The Bang Bang Club is a 2010 Canadian-South African biographical drama film written and directed by Steven Silver and stars Ryan Phillippe as Greg Marinovich, Malin Åkerman as Robin Comley, Taylor Kitsch as Kevin Carter, Frank Rautenbach as Ken Oosterbroek and Neels Van Jaarsveld as João Silva. They portray the lives of four photojournalists active within the townships of apartheid-era South Africa in the early 1990s, from when Nelson Mandela was released from prison in 1990 to the 1994 general election.

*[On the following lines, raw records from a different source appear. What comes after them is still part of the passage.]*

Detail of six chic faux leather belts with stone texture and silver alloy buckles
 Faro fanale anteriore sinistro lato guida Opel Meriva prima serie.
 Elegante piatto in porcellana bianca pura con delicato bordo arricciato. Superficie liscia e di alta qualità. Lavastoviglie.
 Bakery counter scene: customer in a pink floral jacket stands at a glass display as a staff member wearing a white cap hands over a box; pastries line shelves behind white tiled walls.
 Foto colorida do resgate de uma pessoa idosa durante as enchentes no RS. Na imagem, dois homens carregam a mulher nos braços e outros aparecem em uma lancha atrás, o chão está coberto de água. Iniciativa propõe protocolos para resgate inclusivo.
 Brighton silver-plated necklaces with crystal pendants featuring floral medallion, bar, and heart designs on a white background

It is a film adaptation of the book The Bang-Bang Club: Snapshots from a Hidden War co-written by Greg Marinovich and João Silva who were part of the group of four photographers known as the Bang-Bang Club, the other two members being Kevin Carter and Ken Oosterbroek.

==Plot==
The film tells the story of four young men and the extremes they went to in order to capture their photographs of anti-apartheid protests and the resulting police brutality, while the State President, F.W. de Klerk made negotiations to end apartheid in South Africa.

==Cast==
- The Bang-Bang Club members
- Ryan Phillippe as Greg Marinovich
- Malin Åkerman as Robin Comley
- Taylor Kitsch as Kevin Carter
- Frank Rautenbach as Ken Oosterbroek
- Neels Van Jaarsveld as João Silva

- Other roles
- Patrick Lyster as James Nachtwey
- Russel Savadier as Ronald Graham
- Alf Kumalo as himself

==Distribution==
The film had its world premiere at the Toronto International Film Festival (TIFF). Entertainment One has distribution rights for Canada. Tribeca Film acquired American distribution rights. It was released theatrically in the United States on 22 April 2011. According to The Numbers, the film was only shown in nine theatres in the US where it earned $124,791.

==Reception==
The Bang Bang Club received mixed reviews. As of December 2024, it holds a 49% rating on Rotten Tomatoes based on 49 reviews, with an average rating of 5.8/10.

Judith Matloff, a veteran foreign correspondent and contributing editor at Columbia Journalism Review said that the film was "the latest Hollywood production to get the role of the conflict correspondent wrong". Matloff wrote: "But the reporters and photographers stationed in South Africa at the time were also compassionate human beings who exposed themselves to danger because they wanted to record history. This doesn't particularly come through in the film. Instead, Silver plays to the Hollywood stereotype of journalists as heartless outsiders. After a fun day taking pictures of black people massacring each other, the lads go back to the white suburbs and party — the implication being that the bloodshed is a game to them." Matloff worked with Marinovich and knew Silva, as she was a member of the Johannesburg press corps in the early 1990s. She wrote that Marinovich had disassociated himself from the film version. "It has the same title but it is not the same story. It's not my life. I don't see the character as me."

In The Guardian, Miriam Brent said "Frustratingly, though, while the film poses pertinent questions about when to put the camera down, it shies away from delving deeper into these moral dilemmas and the emotional strain faced by combat photographers. Instead we're introduced to a testosterone-fuelled world in which dodging bullets is just another way of getting kicks before the partying starts. … It's just a shame the accomplished cinematography isn't matched by a script that lets the true bravery and accomplishments of combat photojournalists shine through, as they deserve."